- Assignment -
Using the listing below, output only the lines from the one that contains "Covered porch features" through the one that contains "Girl with Prosthetic", inclusive, exactly as given and without images.
Start of Given records
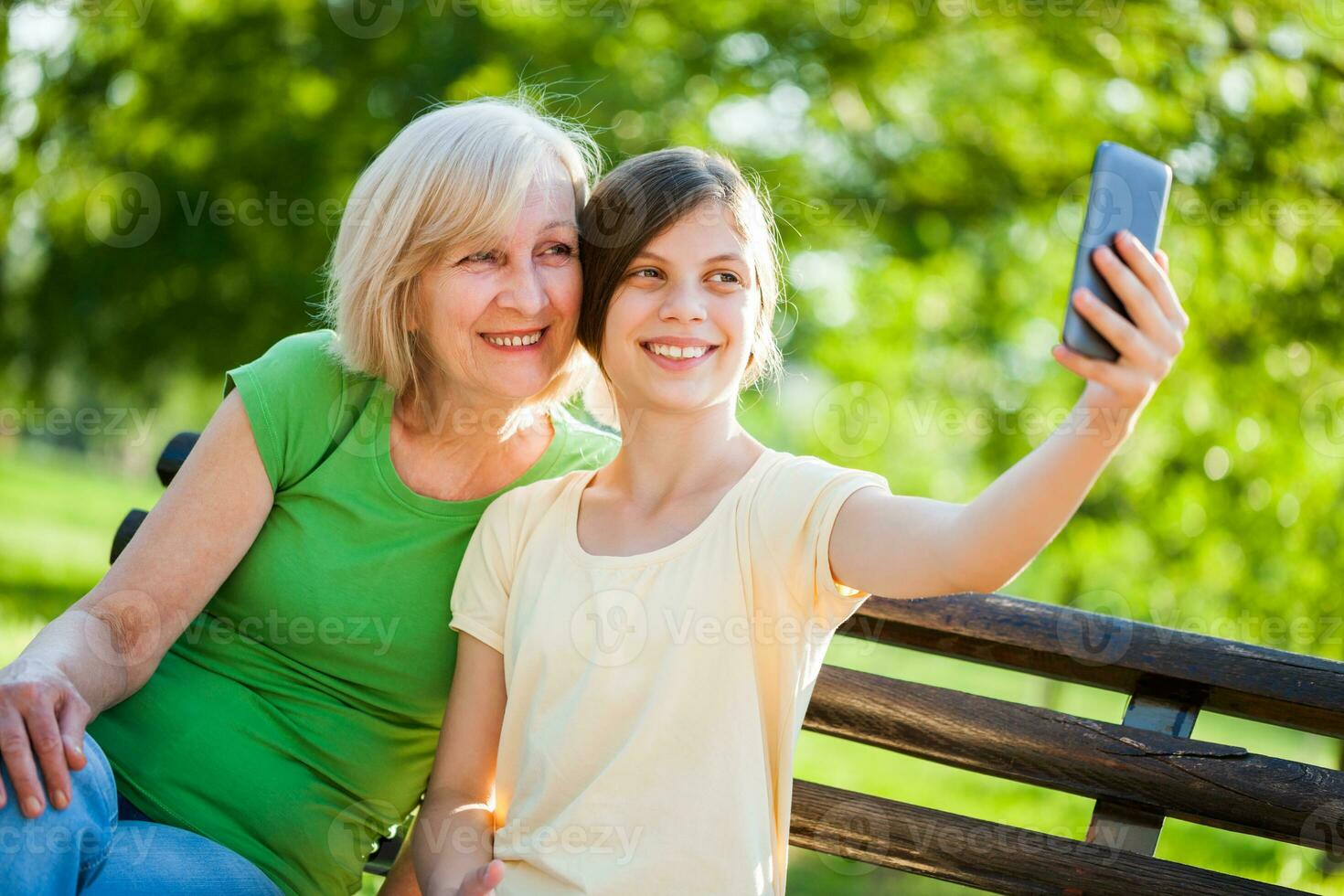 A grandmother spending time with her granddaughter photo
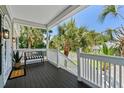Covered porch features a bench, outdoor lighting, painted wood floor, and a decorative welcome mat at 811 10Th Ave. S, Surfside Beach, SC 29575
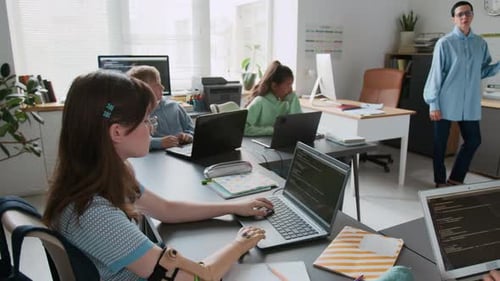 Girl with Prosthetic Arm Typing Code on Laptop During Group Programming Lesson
End of Given records
Start of Given records
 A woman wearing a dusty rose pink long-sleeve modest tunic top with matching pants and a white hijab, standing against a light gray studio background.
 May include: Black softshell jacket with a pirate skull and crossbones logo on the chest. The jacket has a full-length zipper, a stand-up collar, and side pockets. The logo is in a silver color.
End of Given records
- Written answer -
Covered porch features a bench, outdoor lighting, painted wood floor, and a decorative welcome mat at 811 10Th Ave. S, Surfside Beach, SC 29575
 Girl with Prosthetic Arm Typing Code on Laptop During Group Programming Lesson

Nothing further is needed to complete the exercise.